A Universe Drained of God
Giordano Bruno’s universe is divine, living, and infinite; its source is the divine intelligible world that eternally projects itself into the divinised matter. The living “form” of God, the essential idea of the universe, can be seen through abstract figures which, when installed in the memory, enable the mind to see the true nature of the infinite universe. These are the origins of “Deism”, a creed that believes that there is a God, “a great architect”, a designer, and a mechanics. God has put the whole celestial machine in motion before sitting back to watch the result. This view of God as a “Creator” is close to the early Gnostic’s view of the Demiurge “whose word is Law”. In the deist’s view, God is seen as rational and rationality is held to be the proper road to understanding Man and his creator.

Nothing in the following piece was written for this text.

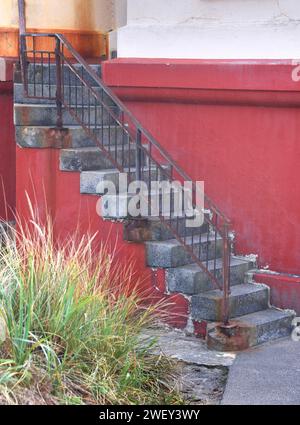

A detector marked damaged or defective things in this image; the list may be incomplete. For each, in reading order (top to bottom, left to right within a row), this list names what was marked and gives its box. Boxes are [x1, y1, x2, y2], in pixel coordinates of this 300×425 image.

rusty metal railing [17, 3, 233, 324]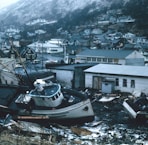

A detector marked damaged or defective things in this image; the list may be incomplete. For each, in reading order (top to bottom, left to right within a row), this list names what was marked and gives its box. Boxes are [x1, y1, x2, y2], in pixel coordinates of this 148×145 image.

damaged white boat [6, 78, 94, 124]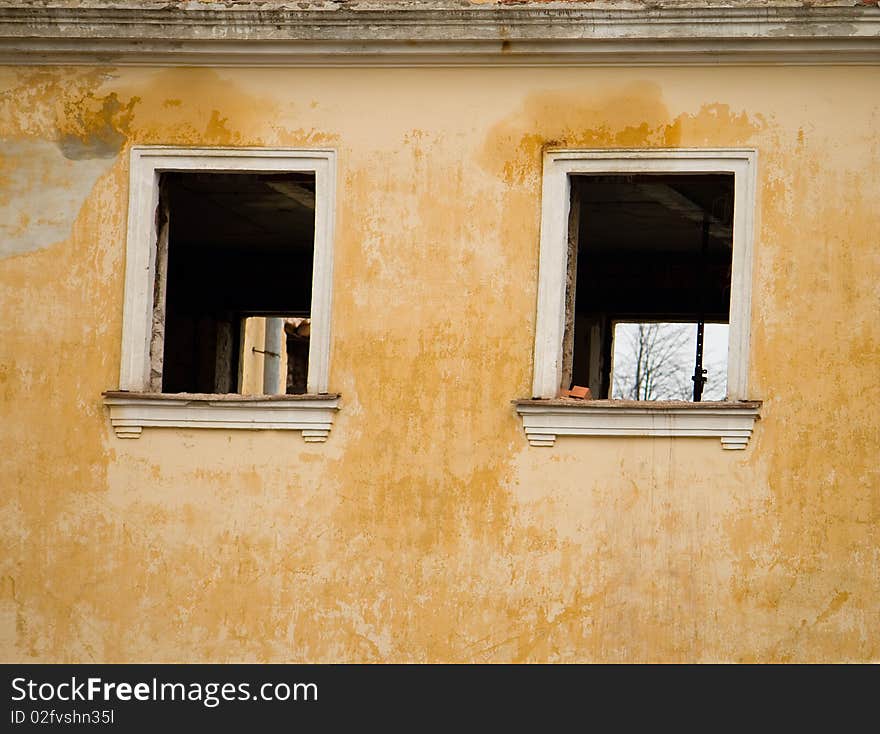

But since the universe runs itself and Man is a passive observer of it imitating the mechanics of the universe, is there any real need for God? Belief in God is only a matter of taste or of aesthetics. Natural religion is the reaction of some theologians to the threats of a cosmology that has no need for God. According to these people, God can be deduced from observing nature and, as such, is a corollary of Deism. The universe must have a designer, that is God, and the theologians believe that they are saved from the abyss of atheism. God is good because nature is “beautiful”.